▶ [Directions for this task]:
Each line of the listing, apart from the pictures, is to be printed exactly.

▶ [Input data]:
Start of Block

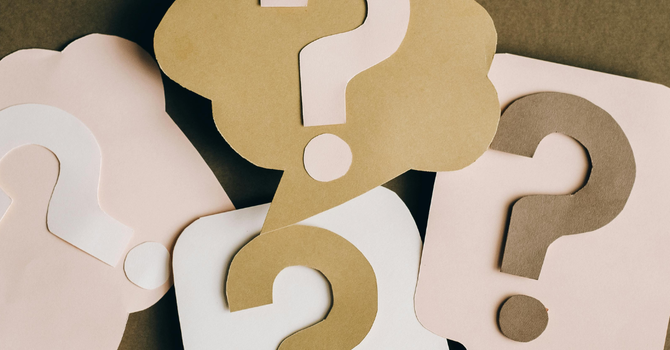 Questions, Doubts and God's Love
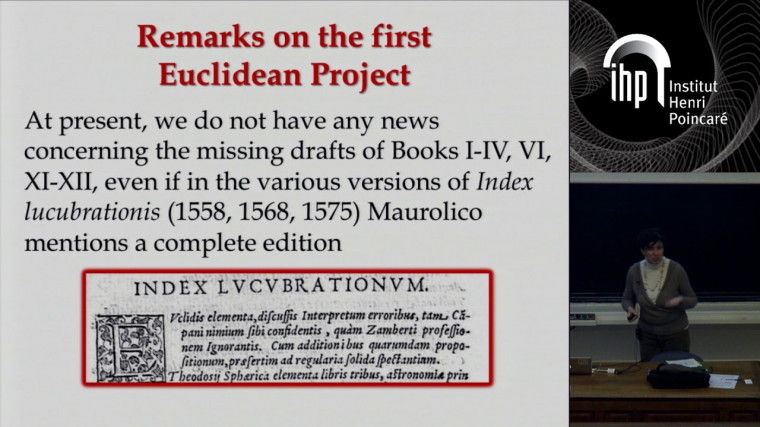Studies on regular polyhedra in the Renaissance: the case of Francesco Maurolico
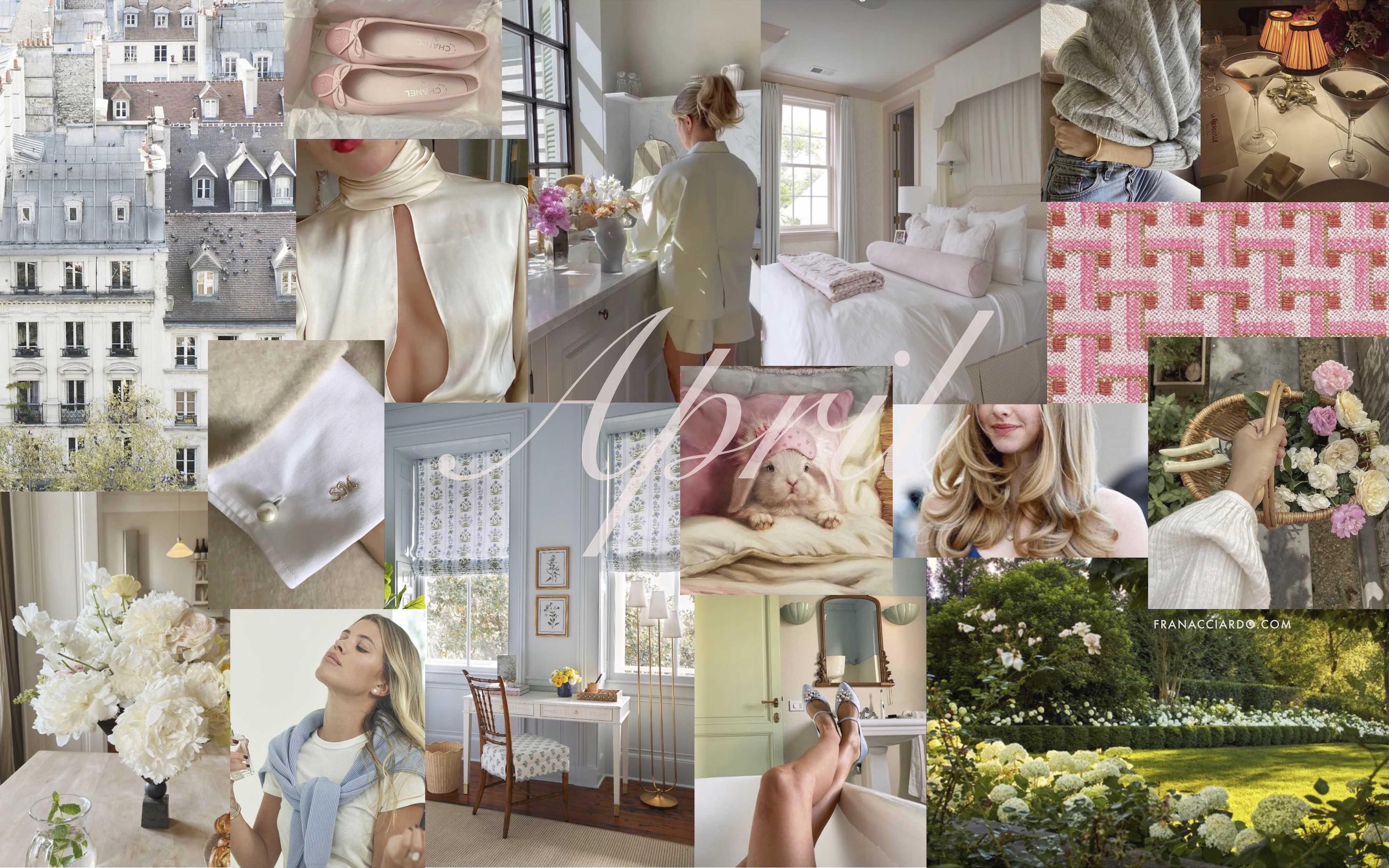 4000x2500 April 2024 Moodboard (Desktop & iPhone Wallpaper!)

End of Block

▶ [Output below]:
 Questions, Doubts and God's Love
Studies on regular polyhedra in the Renaissance: the case of Francesco Maurolico
 4000x2500 April 2024 Moodboard (Desktop & iPhone Wallpaper!)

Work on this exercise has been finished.